Requirement: This exercise calls for retyping every line below exactly, with the images omitted.

Provided data:

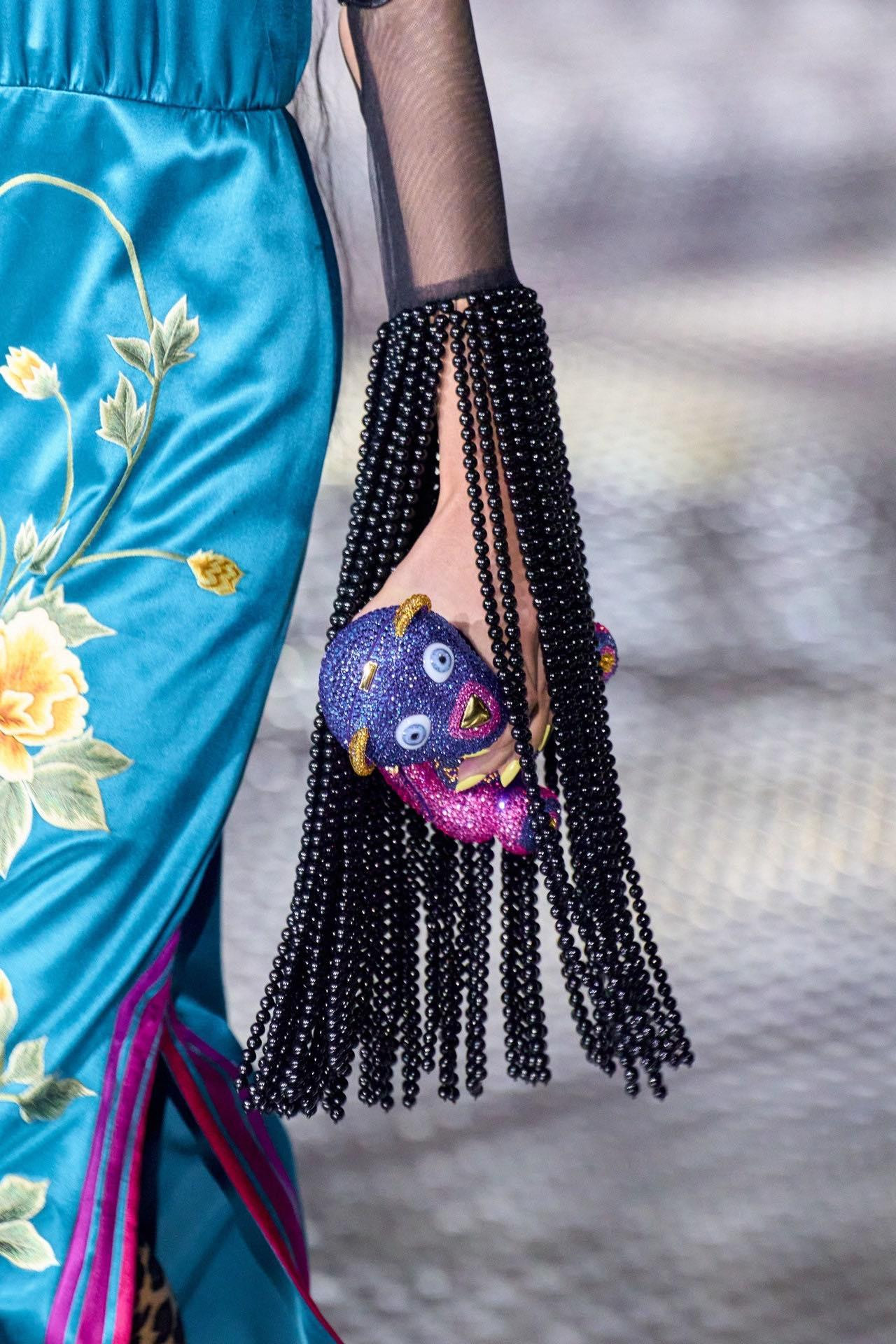 Hòa vào dòng ánh kim lấp lánh, Gucci với clutch cầm tay gấu là điểm nhấn lạ cho BST.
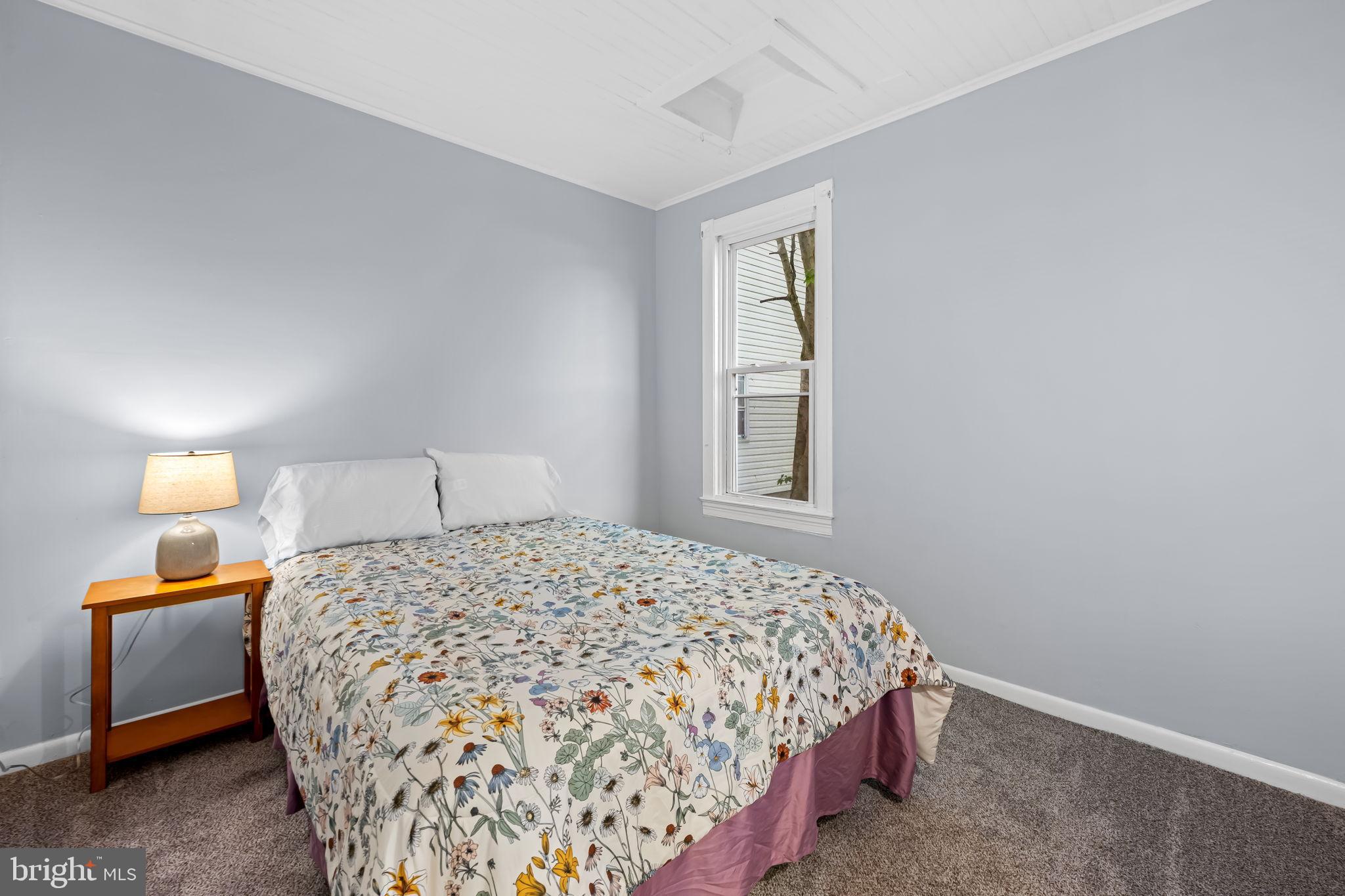 735 Main Street Delta, PA 17314 - Photo 16 of 35 a bedroom with a bed and a window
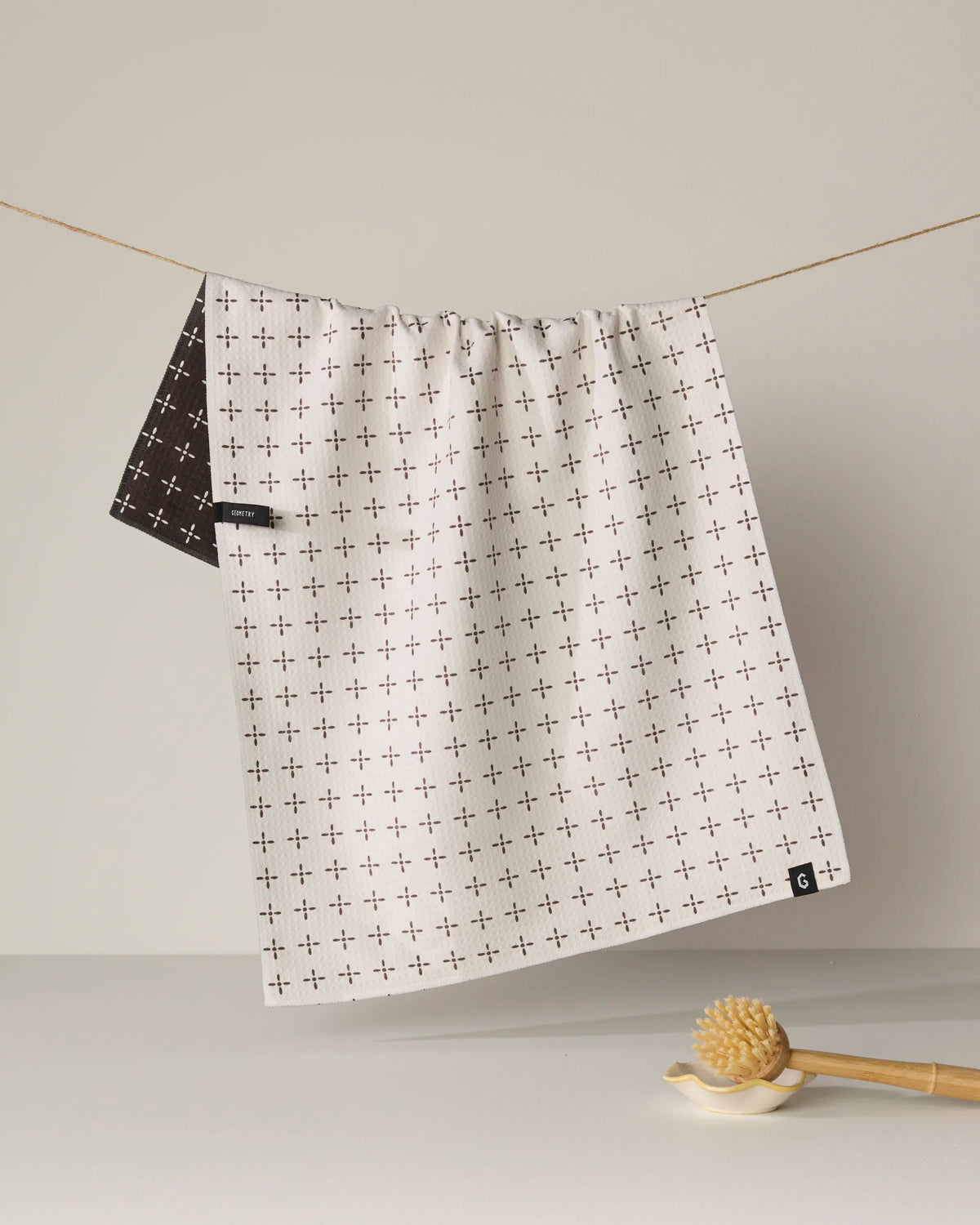 The Quinn recycled tea towel by Geometry, featuring a white double-sided design with a subtle small plus sign pattern, hangs on a string while a dark brown towel peeks out from behind. Designed for quick-drying convenience in your kitchen, the Quinn towel is displayed above a wooden honey dipper resting on the white surface below.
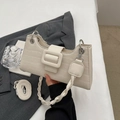 Chic beige crocodile pattern baguette bag with stylish woven strap and square buckle - White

Reply:
 Hòa vào dòng ánh kim lấp lánh, Gucci với clutch cầm tay gấu là điểm nhấn lạ cho BST.
 735 Main Street Delta, PA 17314 - Photo 16 of 35 a bedroom with a bed and a window
 The Quinn recycled tea towel by Geometry, featuring a white double-sided design with a subtle small plus sign pattern, hangs on a string while a dark brown towel peeks out from behind. Designed for quick-drying convenience in your kitchen, the Quinn towel is displayed above a wooden honey dipper resting on the white surface below.
 Chic beige crocodile pattern baguette bag with stylish woven strap and square buckle - White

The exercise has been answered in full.